Но что он ему скажет? Об их детских играх? Вряд ли. Он и сам их забыл. Об Одри Хепберн и летнем кинотеатре? Дом знает об этом. О прыжке? О том, как он научил Будду прыгать?
Но тогда в порту были собаки. Как на пляже, в большую волну, утонувшая девочка… Тем более! Но…
– Круг, Будда. Я забыл и думал, что его больше нет. Но… Я понял, для чего мы сохранили эти детские… выдумки. Амулеты могут собрать круг.
Молчание. Миха почувствовал, что ошибся. И хоть эта темная тишина вокруг вряд ли поняла про амулеты, дом знал о круге.
Молчание. Их драгоценное время убывает, тает, как песок.
Миха вдруг вспомнил кое-что. Об их прыжках. Но… не совсем. Ну конечно!
Миха рассмеялся и снова вытер слезы. И громко сказал:
– Икары недоделанные! Вот что!
Молчание. Мгновение, показавшееся Михе вечностью.
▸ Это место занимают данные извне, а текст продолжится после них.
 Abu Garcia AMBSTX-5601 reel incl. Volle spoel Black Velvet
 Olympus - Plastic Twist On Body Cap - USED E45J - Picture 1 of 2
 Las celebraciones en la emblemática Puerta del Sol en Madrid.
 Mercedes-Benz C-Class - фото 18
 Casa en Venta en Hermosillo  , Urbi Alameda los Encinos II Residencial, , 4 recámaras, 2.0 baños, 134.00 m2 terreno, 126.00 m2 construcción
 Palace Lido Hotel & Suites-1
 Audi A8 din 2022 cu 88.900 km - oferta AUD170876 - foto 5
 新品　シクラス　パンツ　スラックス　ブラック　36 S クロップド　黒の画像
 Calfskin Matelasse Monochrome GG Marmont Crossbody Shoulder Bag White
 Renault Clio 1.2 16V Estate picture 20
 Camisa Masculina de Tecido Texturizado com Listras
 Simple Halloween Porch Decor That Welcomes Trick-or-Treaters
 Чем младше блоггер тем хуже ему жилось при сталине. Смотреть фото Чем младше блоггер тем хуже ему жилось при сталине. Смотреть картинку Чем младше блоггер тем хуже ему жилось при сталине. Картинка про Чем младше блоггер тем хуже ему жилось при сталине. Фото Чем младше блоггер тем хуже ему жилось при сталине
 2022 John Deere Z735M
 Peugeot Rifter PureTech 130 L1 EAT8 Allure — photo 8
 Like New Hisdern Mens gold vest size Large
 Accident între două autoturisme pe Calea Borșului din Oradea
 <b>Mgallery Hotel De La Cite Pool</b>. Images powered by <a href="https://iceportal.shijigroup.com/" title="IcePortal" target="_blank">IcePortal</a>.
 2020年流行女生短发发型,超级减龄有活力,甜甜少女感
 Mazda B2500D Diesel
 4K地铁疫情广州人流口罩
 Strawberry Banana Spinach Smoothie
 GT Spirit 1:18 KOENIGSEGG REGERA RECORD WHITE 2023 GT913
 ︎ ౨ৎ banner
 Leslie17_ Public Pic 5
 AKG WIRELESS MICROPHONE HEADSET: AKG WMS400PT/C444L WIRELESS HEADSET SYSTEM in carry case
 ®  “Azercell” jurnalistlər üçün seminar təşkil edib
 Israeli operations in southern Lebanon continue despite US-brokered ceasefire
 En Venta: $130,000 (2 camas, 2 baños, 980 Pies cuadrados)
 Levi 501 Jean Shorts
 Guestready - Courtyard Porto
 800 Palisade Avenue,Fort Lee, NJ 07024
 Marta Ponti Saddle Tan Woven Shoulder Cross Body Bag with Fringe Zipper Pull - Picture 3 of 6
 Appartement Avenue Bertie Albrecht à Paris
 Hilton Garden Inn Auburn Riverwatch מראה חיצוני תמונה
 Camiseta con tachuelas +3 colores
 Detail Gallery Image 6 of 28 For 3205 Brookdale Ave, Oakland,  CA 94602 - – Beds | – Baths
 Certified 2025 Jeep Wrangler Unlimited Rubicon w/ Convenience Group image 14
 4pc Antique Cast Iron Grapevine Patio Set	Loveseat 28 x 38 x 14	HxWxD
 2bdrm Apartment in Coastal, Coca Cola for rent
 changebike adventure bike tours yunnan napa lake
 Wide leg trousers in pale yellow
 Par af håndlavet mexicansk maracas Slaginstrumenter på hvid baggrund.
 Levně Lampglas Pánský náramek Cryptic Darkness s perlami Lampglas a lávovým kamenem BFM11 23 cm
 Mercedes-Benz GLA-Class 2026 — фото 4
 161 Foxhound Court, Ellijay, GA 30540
– Плюша, – прозвучало из-за двери. – Это ты!
– Я, Будда, – сказал Миха, чувствуя, что с тех самых пор, как они перестали быть мальчишками, он еще никогда не был так счастлив, как здесь, в этом темном месте. – Я, старый друг.
Ручка осторожно опустилась, и дверь стала медленно приоткрываться. У Михи замерло сердце. Он потянулся к образовавшемуся проему: сейчас он коснется руки Будды и уже больше никогда не отпустит…
***
Лже-Дмитрий наблюдал за метаморфозой флейты. Здесь, в этом месте, ничего определенного, сплошные метаморфозы.
Мучения флейты-малышки продолжались. Она изгибалась, удлиняясь и обрастая с одного конца, где было отверстие для губ Крысолова, чем-то тяжелым. Чем-то, отливающим тусклым металлом, тяжелым… очень напоминавшим головку молота.